Le pire, c'est leur manière de se comporter avec les ouvriers et les dessinateurs : ils essaient de mettre la pression ! Par ici, toutes les sociétés ont coulé : l'acier a augmenté depuis un an. Un dessinateur était parti à la concurrence, mais comme ils ont coulé... Il faut travailler continuellement à fond, on est sur quatre ou cinq projets à la fois. Les dossiers s'accumulent ; il y a les dates, et ils ne veulent rien savoir. Ils ont déposé une annonce à l'agence pour l'emploi pour me faire seconder, mais quand je vois le salaire qu'ils proposent... Travailler chez nous, c'est honteux. C'est les patrons qui s'enrichissent ! Ils ne travaillent pas ; des belles voitures, des belles maisons sur le dos de la société... On a envie d'arrêter. Ils comptent tout, même les mines de crayons ; les monteurs n'ont pas le matériel. Le nouveau chargé d'affaires est arrivé il y a quatre mois, et il est déjà en arrêt maladie. Le chef d'atelier va partir : ils se sont engueulés plusieurs fois. Il est sous pression, il voit vraiment, lui. Il faut leur « sortir du bâtiment ». On en rigole entre nous, on se dit : « On s'apportera des oranges », quand on laisse passer des trucs. Parce qu'on se dit qu'on va finir en taule. Les gens qui ont des crédits ne veulent pas parler... Il y a deux postes de dessinateurs vacants : ils sont partis. On a peur quand il y a du vent ou de la neige sur nos constructions. On va souvent au tribunal.

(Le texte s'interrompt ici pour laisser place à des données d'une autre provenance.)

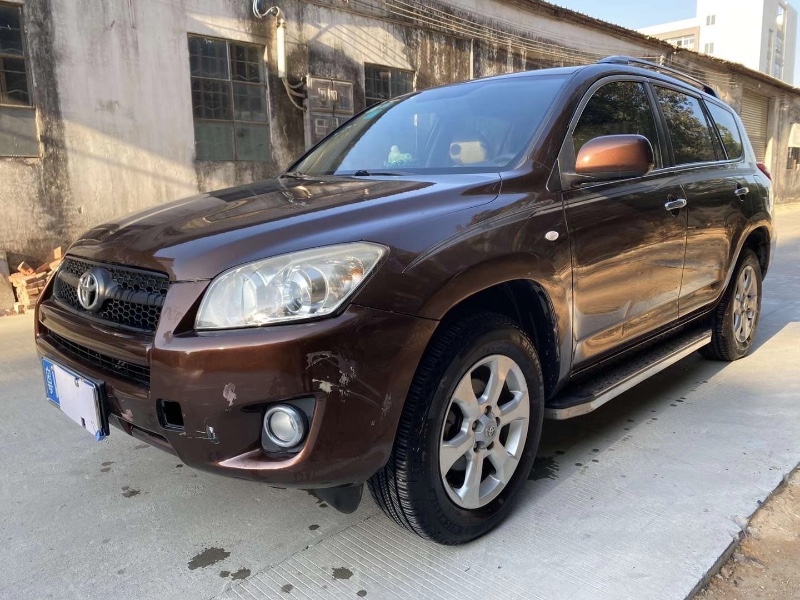 江门13年丰田RAV46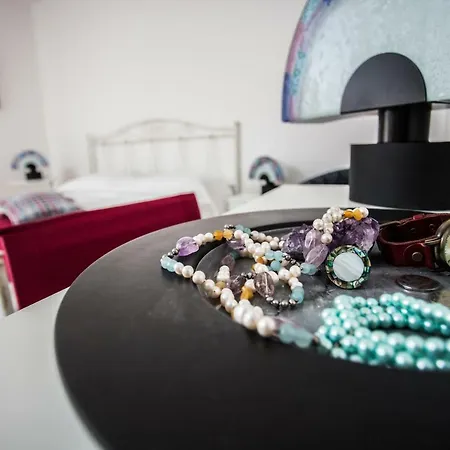 La Porta Di Mare Bed and Breakfast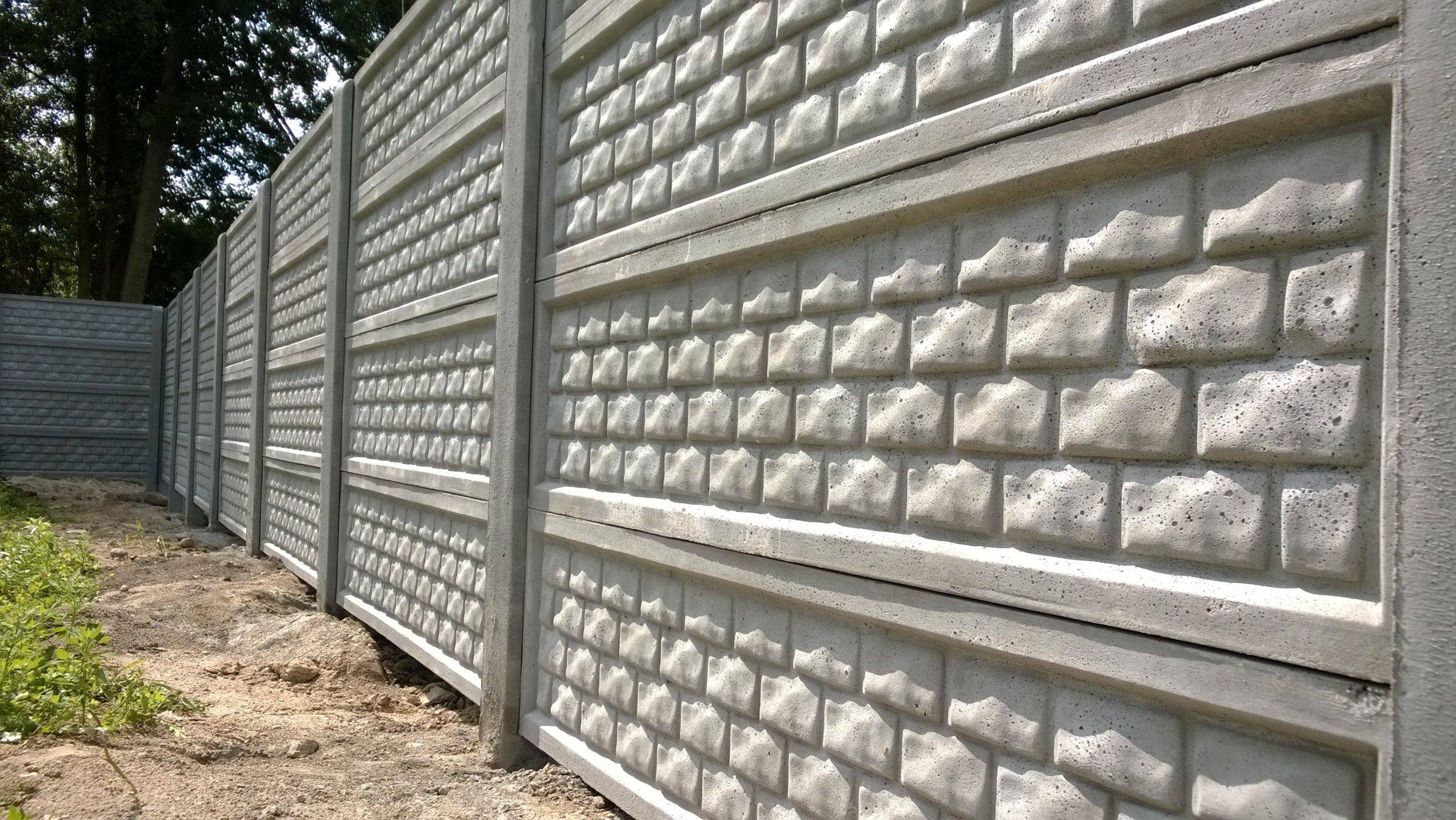 Заборы для частного дома из бетона: как установить бетонные панели?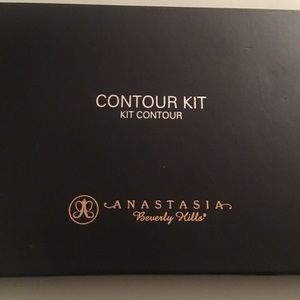 Anastasia Beverly Hills light contour kit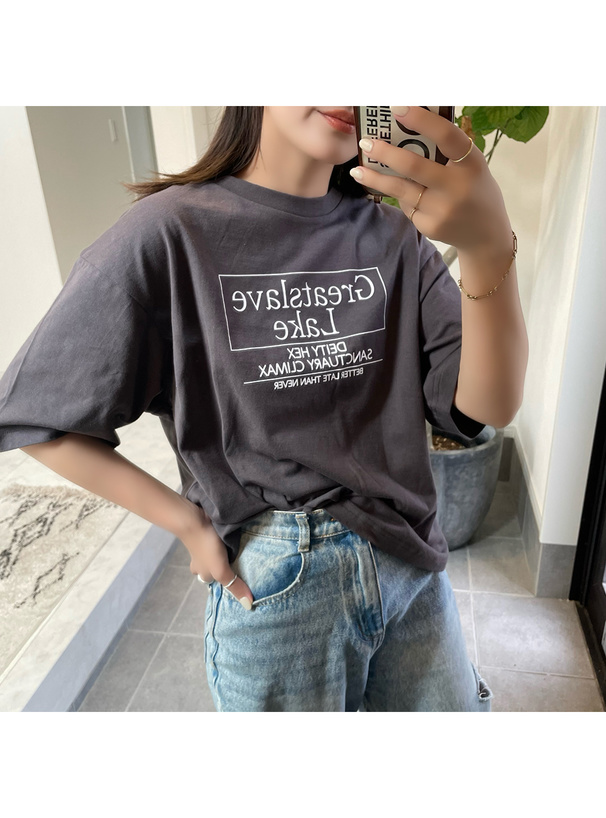 ボックスロゴTシャツ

Je m'entends bien avec les dessinateurs, mais ils attendent après moi : ils ont besoin de ces notes pour commencer leurs dessins. Je leur donne plus vite, mais c'est moins bien fait ; et après, je suis tout le temps dérangé parce que mes notes ne sont pas complètes... Ça fait huit ans que je suis dans cette boîte. Là où j'étais avant, c'était planifié, on était trois ou quatre, mais le patron nous a licenciés à la suite d'une tempête qui a fait effondrer un bâtiment industriel - l'eau a stagné, et tout le monde a pris : le monteur, nous, l'architecte ; il n'y a pas eu de mort, c'était la nuit... Le patron, en fait, il a dû tout récupérer, et puis nous, dehors ! Là, c'est pire, comment ils prennent les gens de haut... J'ai peur de devenir carrément violent, surtout contre le fils du patron, ça risque de mal finir. Je vois trop de trucs : ça risquerait de faire boum. Ou alors je vais partir du jour au lendemain. C'est de la rancœur : je suis déçu, surtout de leur manière de se comporter avec les autres. Ça me dégoûte. J'ai peur de m'engueuler avec le fils, de me laisser emporter... J'encaisse, et puis ça fait cocotte minute : ça lâche... Ils profitent des gens, de leur gentillesse, de leur faiblesse. Ils voient les employés comme plus bas, ils ont le pouvoir. Et voir, comme ça, des anciens qui ne répondent pas..." (pp.37-40)

-Lise Gaignard, Chroniques du travail aliéné, Paris, éditions d'une, 2015, 175 pages.